Resposta: o método exegético Literal-Alegórico+Troca de
Palavras-Literal para interpretar o versículo. Bem, os frustrantes resultados
desse método exegético nós já vimos acima, nos pontos
1 a 4 de minha crítica...
Ora, o que o Azenilto talvez ainda não tenha parado para pensar é
que ele é obrigado a crer que "corpo" e "alma" sejam
a mesma coisa (não importa o sentido de "alma")! Um não
imortalista não tem outra opção a não ser acreditar
que o "corpo" é a "alma", pois se não existe
uma alma imaterial-imortal dentro do homem, então a morte do corpo marca
o fim de toda e qualquer existência. Quando se refere aos homens, não
importa os sentidos secundários que "alma" assuma na Bíblia
("sentimentos", "caráter", "coração",
"vida", "sangue", "personalidade", etc.), a conclusão
para um não imortalista é só uma: "alma" e "corpo"
são a mesma coisa, visto que todos os diferentes sentidos de "alma"

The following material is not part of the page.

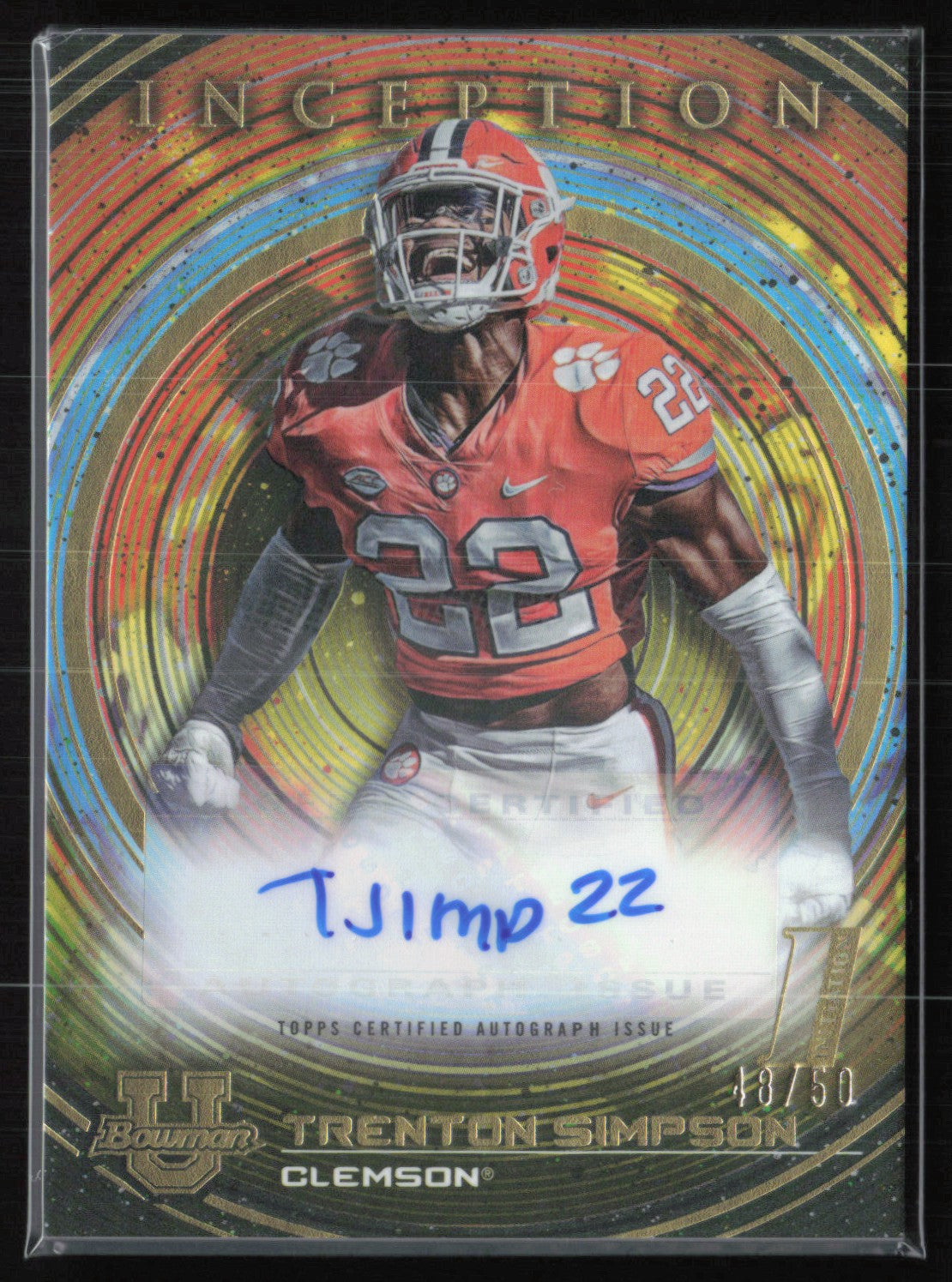 Trenton Simpson Auto /50 2022-23 Bowman U Inception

só podem ser vivenciados num corpo. Esses diversos sentidos secundários
de "alma" evidentemente se referem à própria pessoa.
Por exemplo, quando "alma" tem o sentido de "sentimento",
esse "sentimento" se refere logicamente ao sentimento que a pessoa
sente (desculpem-me a redundância). Logo, assim que a pessoa morre esse
"sentimento" (conforme a crença não imortalista) também
morre juntamente com ela, desaparecendo literalmente, sendo restaurado somente
na ressurreição dessa pessoa. Os imortalistas, porém, crêem
que esse "sentimento" continua existindo mesmo após a morte,
pois a alma imaterial-imortal se separa do corpo. Portanto, todos os não
imortalistas devem acreditar (para serem coerentes com aquilo que crêem
e ensinam) que "alma" (seja no sentido literal ou nos secundários)
é o mesmo que "corpo".
Porém, se "alma" é igual a "corpo", então
como fica o texto de Mateus 10:28? Se essas duas coisas são iguais, então
a conclusão é que os homens podem matar tanto a "alma"
quanto o "corpo". Como que o Azenilto e os demais não imortalistas
resolvem esse problema?
6. "Destruir" em Mateus 10:28 não é o mesmo que "aniquilar"
"...temei antes aquele que pode fazer perecer [ou 'destruir';
gr. apolesai] no inferno a alma e o corpo".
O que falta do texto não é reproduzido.